Instructions to follow >> If pictures appear in the lines below, skip them and copy exactly the lines from the one containing "Smart farol da" through the one containing "ビットブーツ ブラック サイズ:不明", and nothing else.

Records >>
<<<<
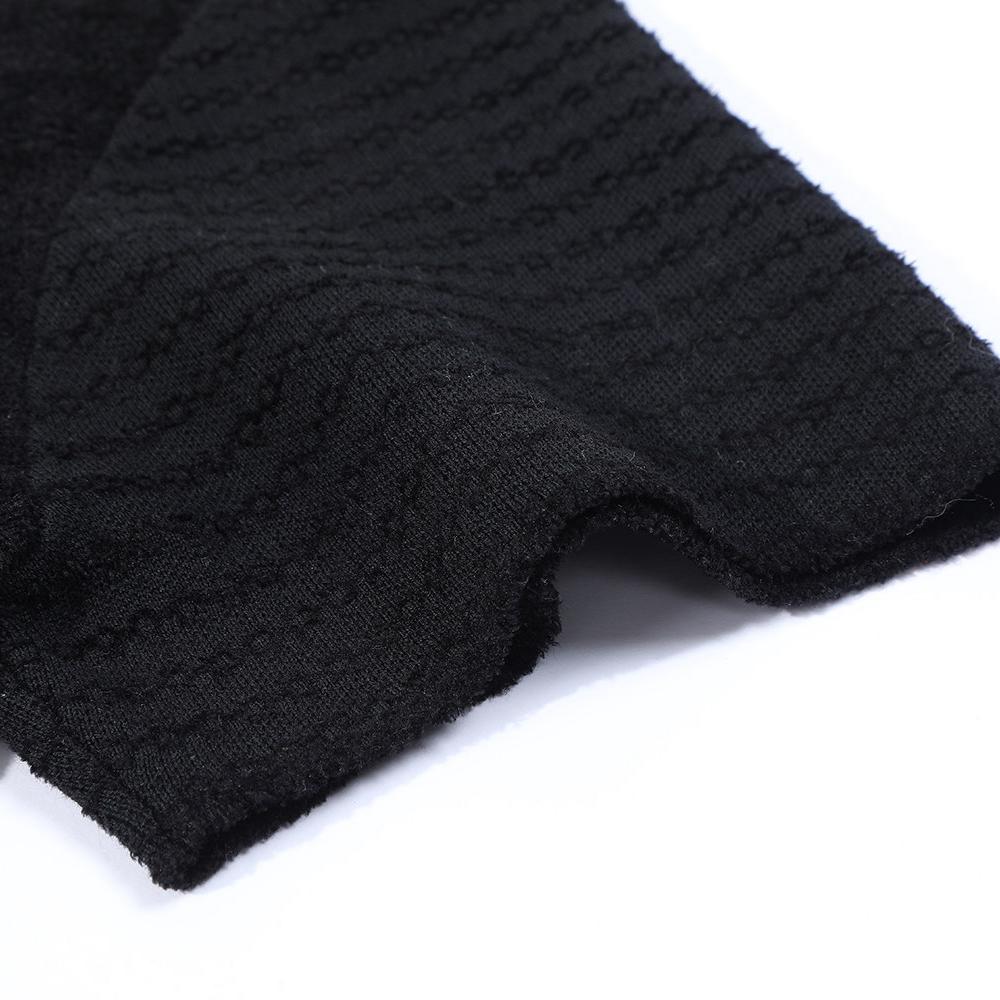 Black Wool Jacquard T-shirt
>>>>
<<<<
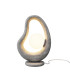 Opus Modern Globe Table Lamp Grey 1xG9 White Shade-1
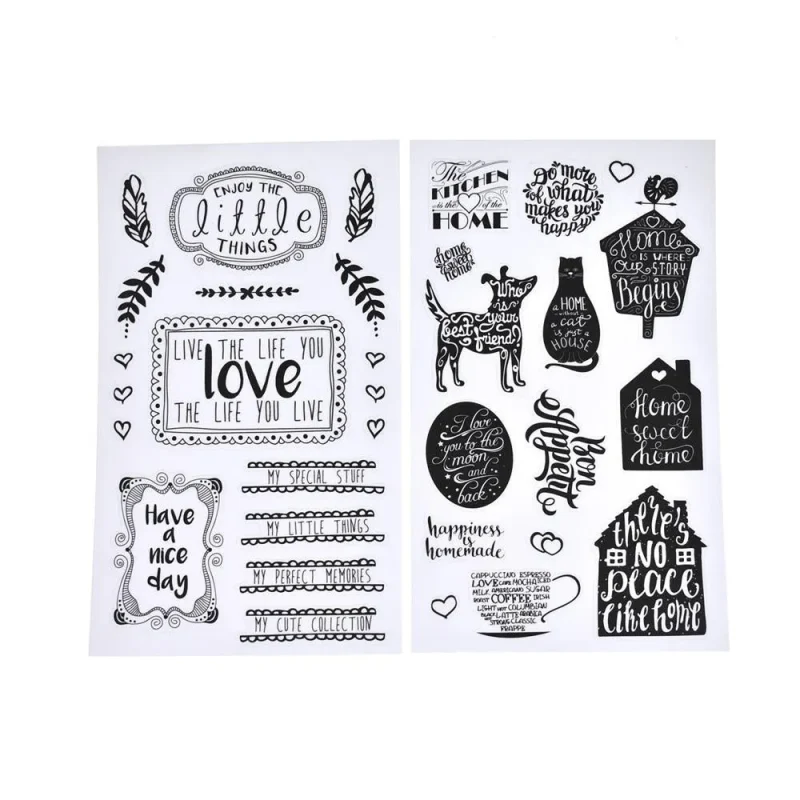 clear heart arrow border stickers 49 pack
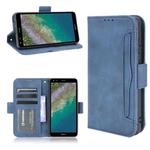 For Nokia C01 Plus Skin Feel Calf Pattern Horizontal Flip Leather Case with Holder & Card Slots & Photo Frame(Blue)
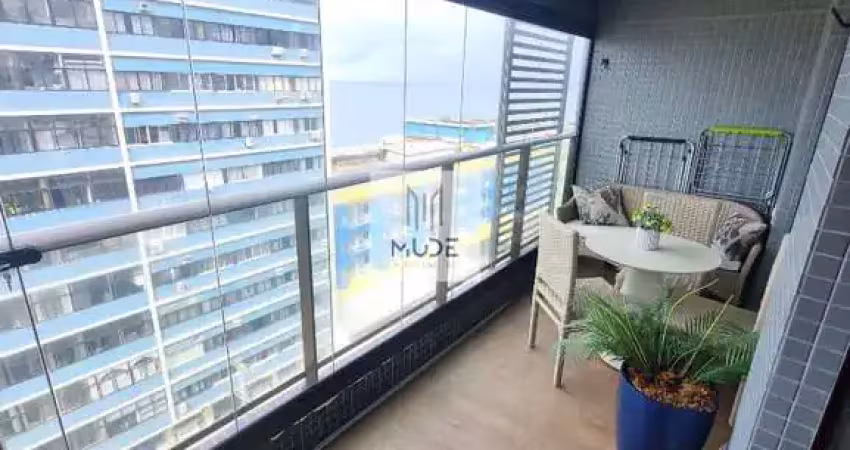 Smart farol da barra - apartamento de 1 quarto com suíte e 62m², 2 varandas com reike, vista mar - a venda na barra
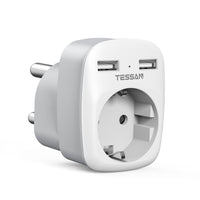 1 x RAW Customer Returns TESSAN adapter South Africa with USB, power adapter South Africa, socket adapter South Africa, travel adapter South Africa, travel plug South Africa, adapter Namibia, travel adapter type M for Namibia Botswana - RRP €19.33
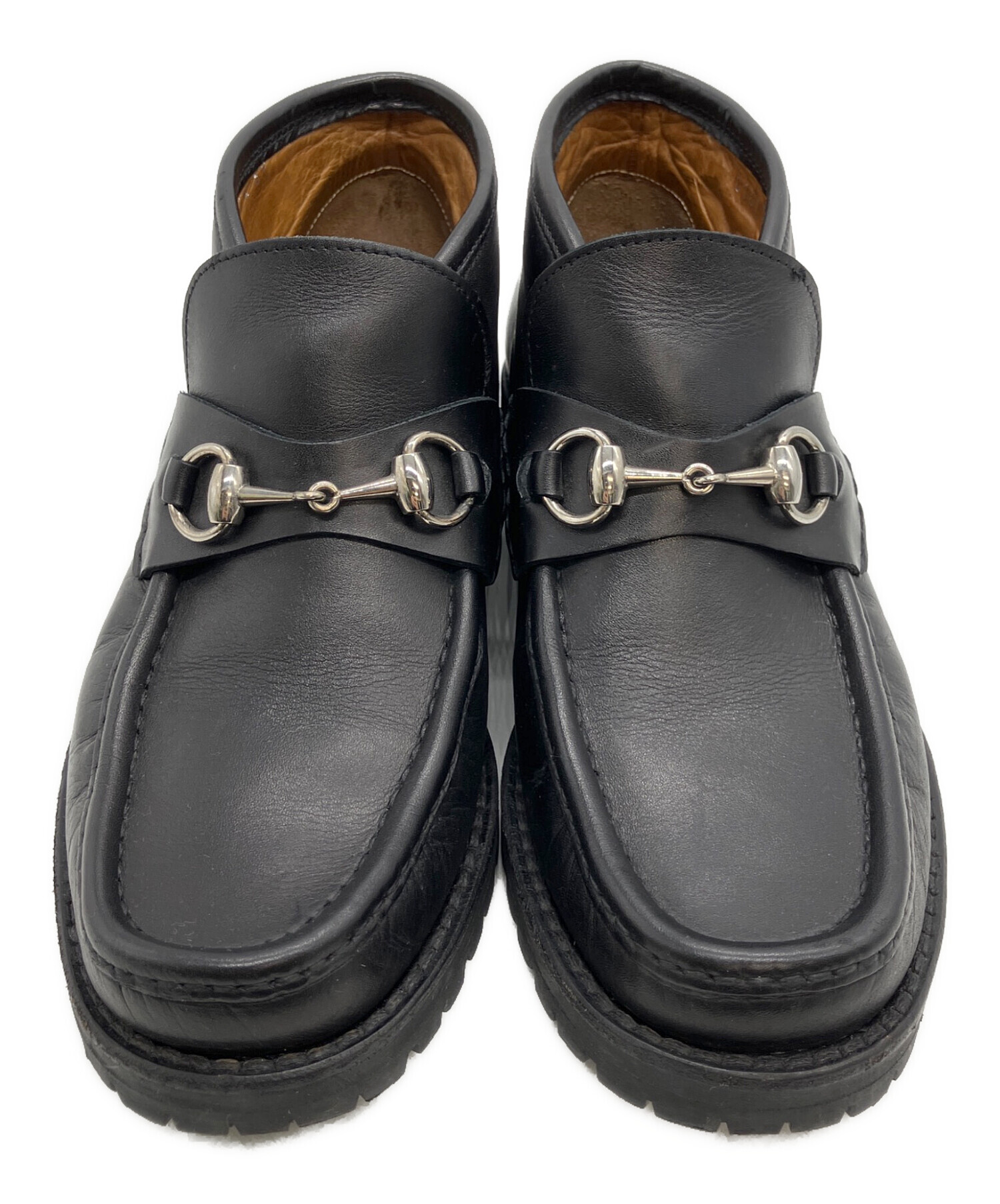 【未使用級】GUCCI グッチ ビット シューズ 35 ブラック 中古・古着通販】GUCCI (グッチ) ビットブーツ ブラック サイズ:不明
>>>>
Expected output >>
 Smart farol da barra - apartamento de 1 quarto com suíte e 62m², 2 varandas com reike, vista mar - a venda na barra
 1 x RAW Customer Returns TESSAN adapter South Africa with USB, power adapter South Africa, socket adapter South Africa, travel adapter South Africa, travel plug South Africa, adapter Namibia, travel adapter type M for Namibia Botswana - RRP €19.33
 【未使用級】GUCCI グッチ ビット シューズ 35 ブラック 中古・古着通販】GUCCI (グッチ) ビットブーツ ブラック サイズ:不明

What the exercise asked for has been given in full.